Centene executives emphasized the insurer's commitment to the Affordable Care Act's exchanges in a call with investors Wednesday morning.
On the company's third-quarter earnings call, CEO Sarah London said that even should the enhanced premium tax credits, which are at the center of the current federal government shutdown, expire as scheduled at the end of this year, there are still "millions and millions of Americans" who rely on the individual market for coverage.
She said the segment is also backstopped by the older premium tax credits, which reach a smaller population but do still make coverage more affordable on the exchanges for many. However, the current policy environment is the biggest factor in short-term stability, she said.
Major players in the marketplaces have faced significant financial headwinds as costs rise, driven in large part by program integrity measures set to reform this sector.
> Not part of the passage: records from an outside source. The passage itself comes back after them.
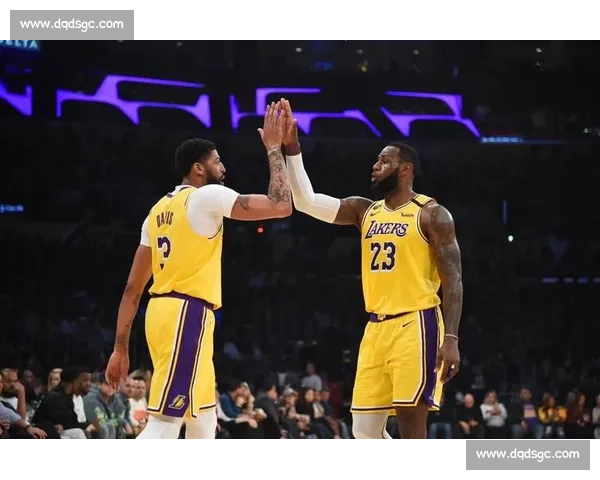 湖人对决热火第三战录像回顾詹眉统治力全面解析关键回合与战术细节深度复盘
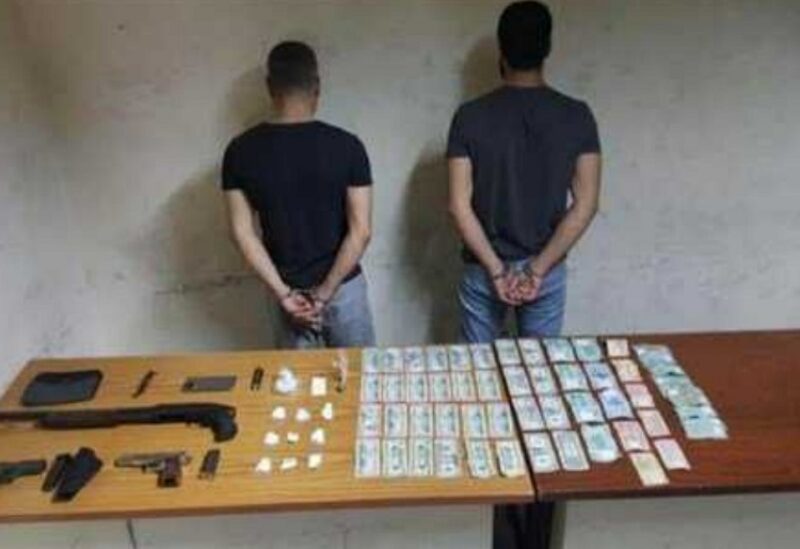المسلحان وما ضبط بحوزتهما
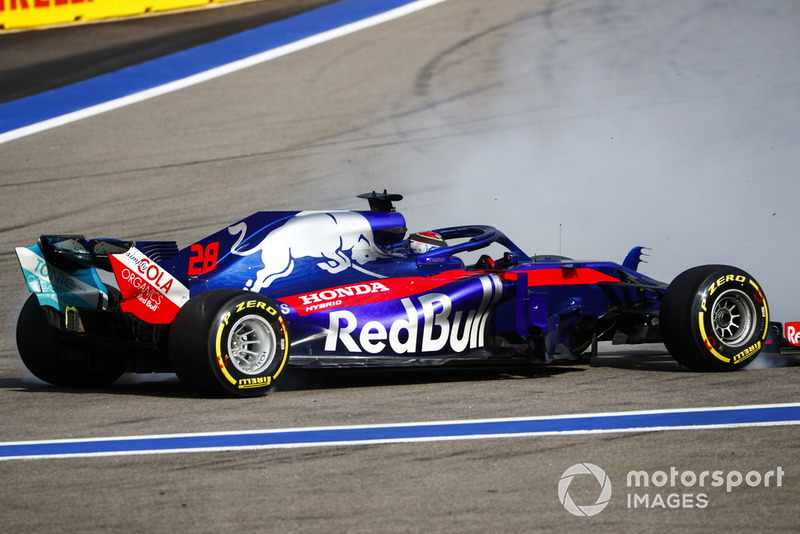 Brendon Hartley, Toro Rosso STR13, piruet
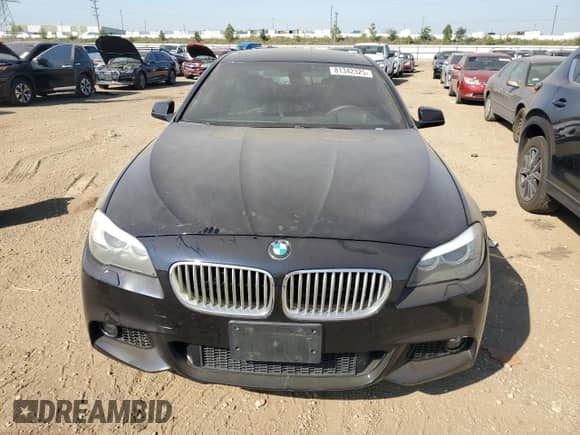 2013 BMW 5 Series 550i xDrive z VIN WBAFU9C59DDY70707, wystawiony jako Copart lot #81342325 z przebiegiem 177 864 mil mil oraz Czysty tytuł • Clean title. Historia ofert i sprzedaży dostępna na DreamBid. Obrazek 5.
London said the team has focused its efforts on pricing for margin recovery in 2026 and adjusting to these pressures.
"We haven't changed our commitment to this product," London said, "and we haven't really changed our view of what, philosophically, we should be able to price for long term."
She said that the promise of the exchanges is in allowing consumers greater choice in coverage options, which is why the company is bullish on the potential of individual coverage health reimbursement arrangements, or ICHRAs, which allow employers to offer a stipend to buy individual market coverage rather than a traditional health plan.
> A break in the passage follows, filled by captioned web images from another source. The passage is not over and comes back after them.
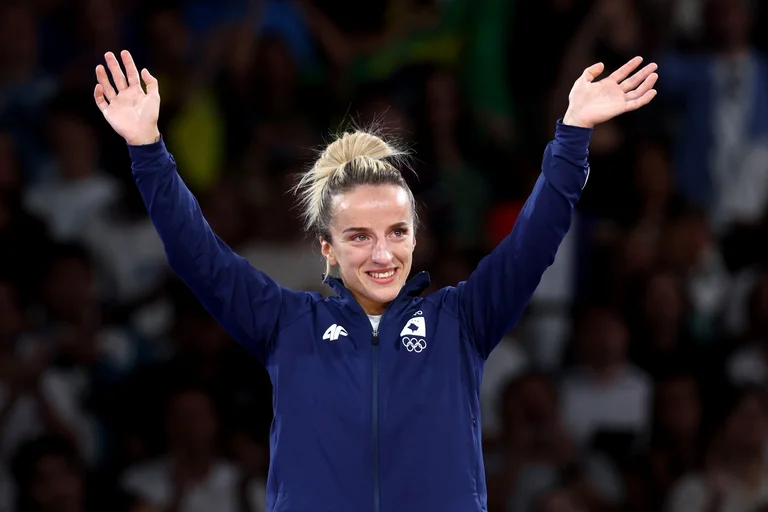 Distria Krasniqi passe autour d'une sans guerre, Laurine Gashi fait face à l'Italien Monaco
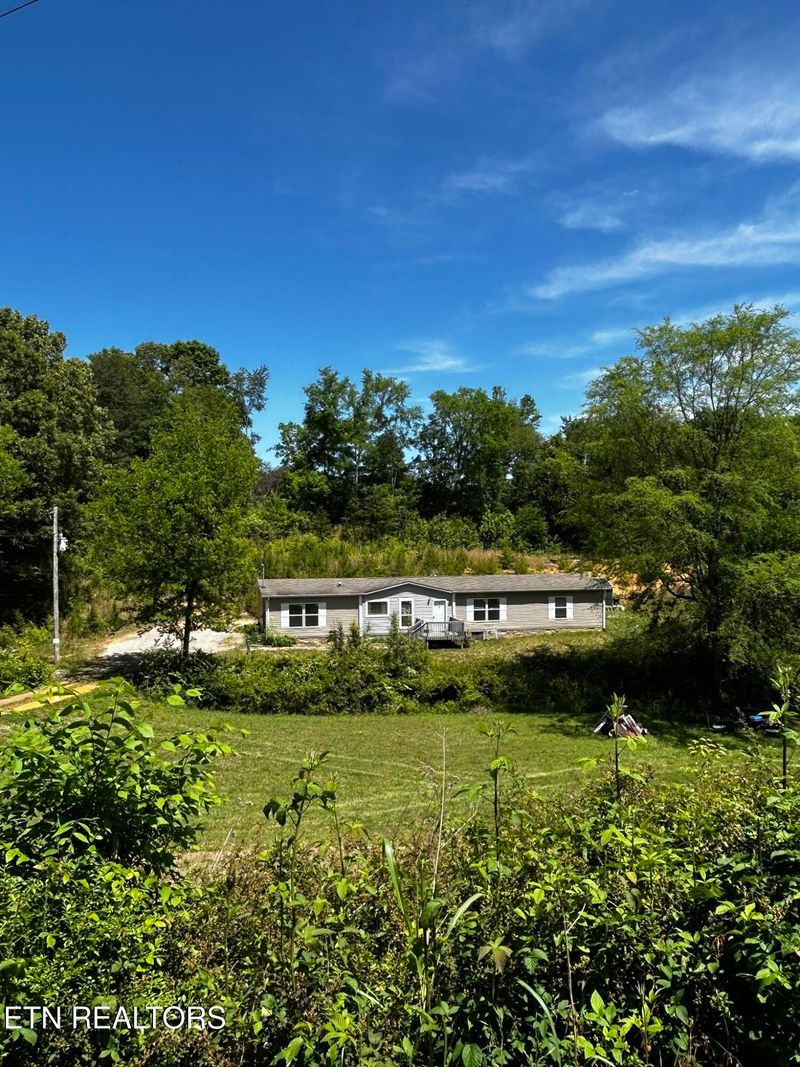 1796 Pine Grove Providence Rd, Loudon, TN 37774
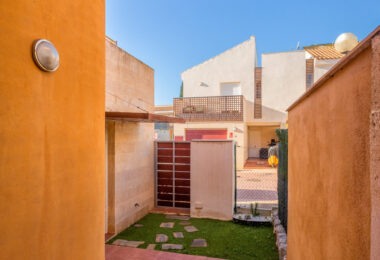 Fantastic LOW PRICE SEMI-DETACHED HOUSE!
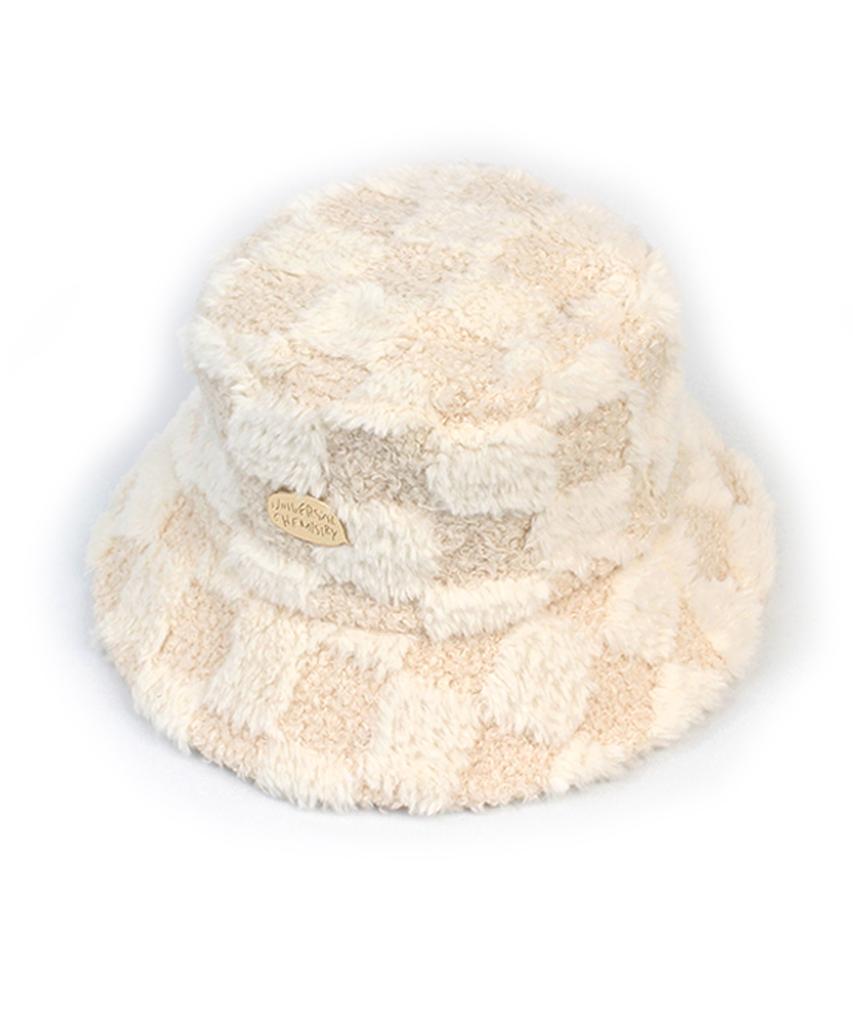Yunibeosyeolkemiseuteuli Check Fur Ivory Bucket Hat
Using Centene as an example, it's difficult to truly customize and personalize coverage for unique needs across a population of 60,000 workers, London said.
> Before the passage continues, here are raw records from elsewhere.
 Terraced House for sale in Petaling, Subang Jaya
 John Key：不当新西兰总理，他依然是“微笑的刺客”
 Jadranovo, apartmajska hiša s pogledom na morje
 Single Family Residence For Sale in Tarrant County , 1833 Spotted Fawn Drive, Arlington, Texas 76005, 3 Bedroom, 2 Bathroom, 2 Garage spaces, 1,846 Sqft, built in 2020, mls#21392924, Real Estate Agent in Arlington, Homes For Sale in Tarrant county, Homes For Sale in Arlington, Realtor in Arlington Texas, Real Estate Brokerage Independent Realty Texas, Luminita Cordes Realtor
"We obviously think that the individual market is a compelling chassis as we consider the future of insurance and a view that individuals are going to want more agency," London said. "They're going to want more affordability, portability."
Centene posted a $6.6 billion loss in the third quarter after incurring a one-time impairment charge related to ongoing market headwinds.
The company said in its earnings report, released Wednesday morning, that it began a quantitative analysis on whether its financial "goodwill," an intangible asset that follows an acquisition, had been impaired, a sign that a specific business' performance is declining.
Centene said in the release that it completed that deep dive in October and determined it would take a $6.7 billion impairment based on a number of market factors, including significant changes codified in the One Big Beautiful Bill Act and its sliding stock price.
With that charge stripped out, the company posted earnings per share of 50 cents in the quarter, which surpassed analysts' estimates, according to Zacks Investment Research.
Revenues were $49.7 billion in the quarter, which also beat Wall Street forecasts. By comparison, Centene reported $42 billion in revenue and $713 million in profit in the prior-year quarter.
Through the first nine months of 2026, the company posted $145.1 billion in revenue and $5.6 billion in losses. It brought in $122.3 billion in revenue and $3 billion in profit through the first three quarters of 2024, according to the report.
Given the impairment charge incurred in the quarter, Centene now expects a diluted loss of $12.85. However, it's boosting its adjusted earnings outlook to $2, up from its previous estimate of $1.75. The company's share price ticked up premarket on the results.
"Our third quarter results and increased full year outlook demonstrate tangible progress against the near-term milestones we laid out for investors in July," said London in the press release. "While much work remains ahead, our organization remains focused on driving margin improvement, delivering outcomes for our members, and positioning the business for long-term success."
Centene's total membership was just shy of 28 million in the third quarter, and its medical loss ratio was 92.7%, up from 89.2% a year ago. Elevated medical costs and utilization have been an ongoing problem across the health insurance industry and in multiple coverage types over the past year.
Centene slashed its outlook for 2025 in the second quarter due in large part to shifts in the Affordable Care Act marketplace segment. London told investors in July that the company saw a massive shift in morbidity year over year, driven by provider coding intensity and utilization trends, which led to significant cost pressure.
She said many of its marketplace plans were underpriced for program integrity changes that were rolled out by the Centers for Medicare & Medicaid Services in advance of the 2025 enrollment window. Several key provisions in that rule have been stayed by a federal judge.
The government also remains shut down as lawmakers debate an extension for the enhanced premium tax credits available to individuals on the exchanges, with open enrollment set to begin Saturday.
Editor's note: Updated12:00 p.m. ET on Oct. 29.